→ THE RECORDS
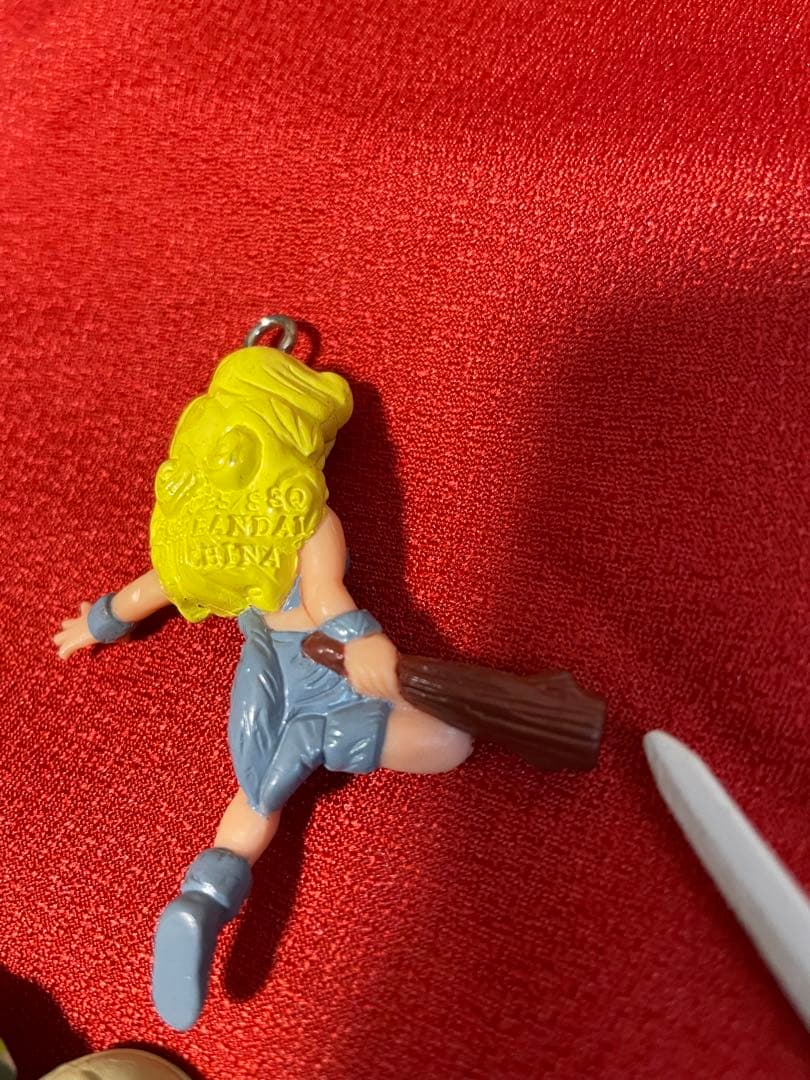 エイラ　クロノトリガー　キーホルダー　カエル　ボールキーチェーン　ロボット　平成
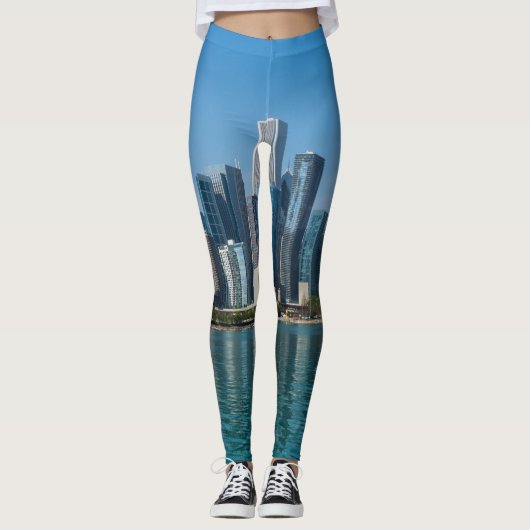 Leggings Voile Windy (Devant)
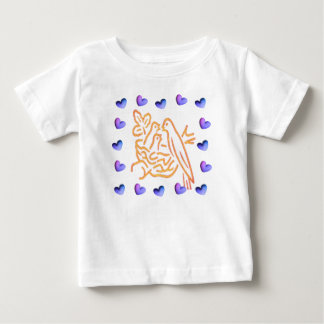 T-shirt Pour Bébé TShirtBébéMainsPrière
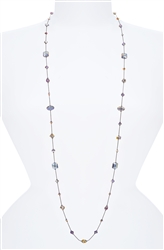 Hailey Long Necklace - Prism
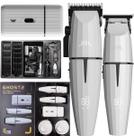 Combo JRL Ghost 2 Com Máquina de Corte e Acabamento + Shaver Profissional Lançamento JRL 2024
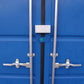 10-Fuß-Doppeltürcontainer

→ TASK GOAL
Give the listing again word for word, without its images.

→ WRITTEN ANSWER
 エイラ　クロノトリガー　キーホルダー　カエル　ボールキーチェーン　ロボット　平成
 Leggings Voile Windy (Devant)
 T-shirt Pour Bébé TShirtBébéMainsPrière
 Hailey Long Necklace - Prism
 Combo JRL Ghost 2 Com Máquina de Corte e Acabamento + Shaver Profissional Lançamento JRL 2024
 10-Fuß-Doppeltürcontainer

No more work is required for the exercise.